You will fail. Not because you’re weak, but because you’re human. This is not a practice of moral perfection—it’s a practice of faith. Faith that when things are hard, love will never let you down. Love is always there, waiting, whenever you choose to tap back into it. And yes, you will forget. You will get caught in anger, swallowed by fear, or distracted by resentment. That forgetting is inevitable. The work is simply to return. To train your mindfulness so that you come back to love as often as you can—without judgment. Because judgment only tries to hold love down, to smother it under shame. Love doesn’t require anything from you. It doesn’t measure, compare, or demand perfection—it simply waits for you to notice it.

The Final Word

Nike taught us that hesitation kills momentum. Just Do It cut through analysis paralysis and made action the baseline.

Just Send Love is its sibling strategy. It cuts through emotional paralysis and makes openness the baseline. Not because it’s noble, but because it’s practical. Love feels good. Love primes you for clarity. Love connects you to others and to yourself.

We don’t have to wait for mystical experiences, religious revelation, or psychedelic journeys to glimpse it. The direct experience of love is available here, now, at the cost of a single choice.

Yes, it may feel corny. But corny is nothing compared to the weight of carrying resentment, fear, and anger.

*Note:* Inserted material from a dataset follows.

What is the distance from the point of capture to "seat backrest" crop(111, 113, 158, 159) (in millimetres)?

And remember—you will fail, you will forget, but that’s part of the practice. Each time you return, you strengthen the habit. With repetition, sending love becomes less about trying and more about being. It stops feeling like a strategy you pull out in hard times and starts becoming the ground you walk on.

So try it. Practice it. Return to it again and again. Because love is always waiting.

Just Send Love.




References:

Oxytocin & Bonding

  • Carter, C. S. (2014). Oxytocin pathways and the evolution of human behavior. Annual Review of Psychology, 65, 17–39.

  • Feldman, R. (2012). Oxytocin and social affiliation in humans. Hormones and Behavior, 61(3), 380–391.

Cortisol Reduction

  • Pace, T. W. W., et al. (2009). Effect of compassion meditation on neuroendocrine, innate immune and behavioral responses to psychosocial stress. Psychoneuroendocrinology, 34(1), 87–98.

  • Brown, K. W., & Ryan, R. M. (2003). The benefits of being present: Mindfulness and its role in psychological well-being. Journal of Personality and Social Psychology, 84(4), 822–848.

Parasympathetic Activation (Calming the Nervous System)

  • Kok, B. E., et al. (2013). How positive emotions build physical health: Perceived positive social connections account for the upward spiral between positive emotions and vagal tone. Psychological Science, 24(7), 1123–1132.

  • Fredrickson, B. L., et al. (2008). Open hearts build lives: Positive emotions, induced through loving-kindness meditation, build consequential personal resources. Journal of Personality and Social Psychology, 95(5), 1045–1062.